Freight Segment cost of sales decreased 1.2% as a percentage of sales to 67.0% for the nine months ended September 30, 2018 compared to 68.2% for the same period in 2017. The decrease is primarily related to increased sales for train control and signaling products and services. In addition, the 2017 results include $5.5 million of project adjustments that did not recur in 2018.
Transit Segment cost of sales decreased 0.1% as a percentage of sales to 73.4% for the nine months ended September 30, 2018 from 73.5% for the same period of 2017. The decrease is primarily due to a more favorable product sales mix, and $14.9 million of 2017 project adjustments that did not recur in 2018. Labor costs as a percentage of sales increased due to a higher amount of labor hours incurred in train control and signaling products and services and higher labor costs on overhaul contracts in the UK which have a higher labor content.
Included in cost of sales is warranty expense.

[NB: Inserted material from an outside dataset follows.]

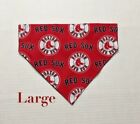Boston Red Sox Baseball MLB Over Collar Slide On Pet Dog Cat Bandana Scarf 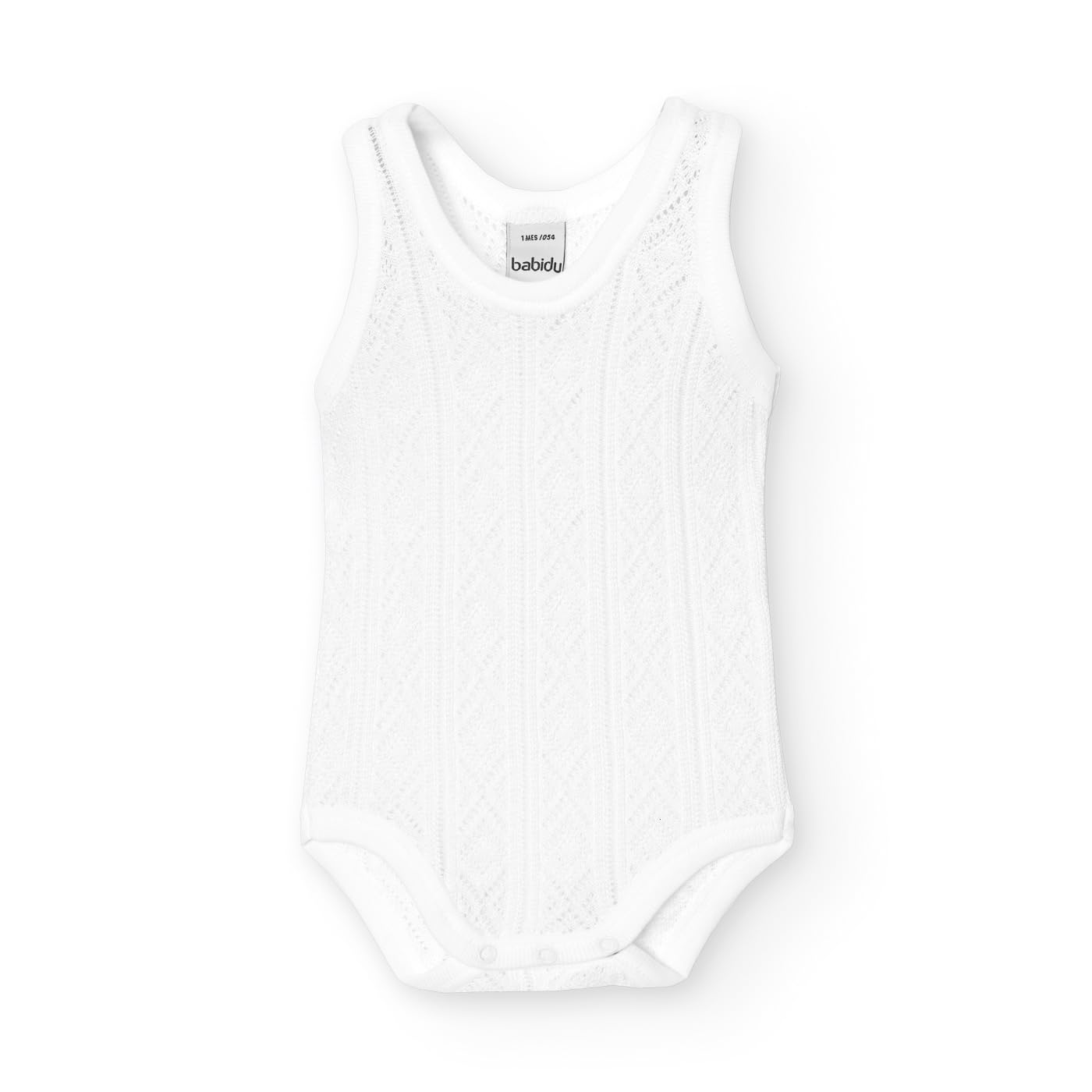 Babidu body spalline sottili cotone bianco 9 mesi traspirante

The provision for warranty expense is generally established for specific losses, along with historical estimates of customer claims as a percentage of sales, which can cause variability in warranty expense between quarters. Warranty expense was $45.7 million in the nine months ended September 30, 2018 compared to $33.1 million in the nine months ended September 30, 2017. The increase in warranty expense is primarily related to the increase in sales.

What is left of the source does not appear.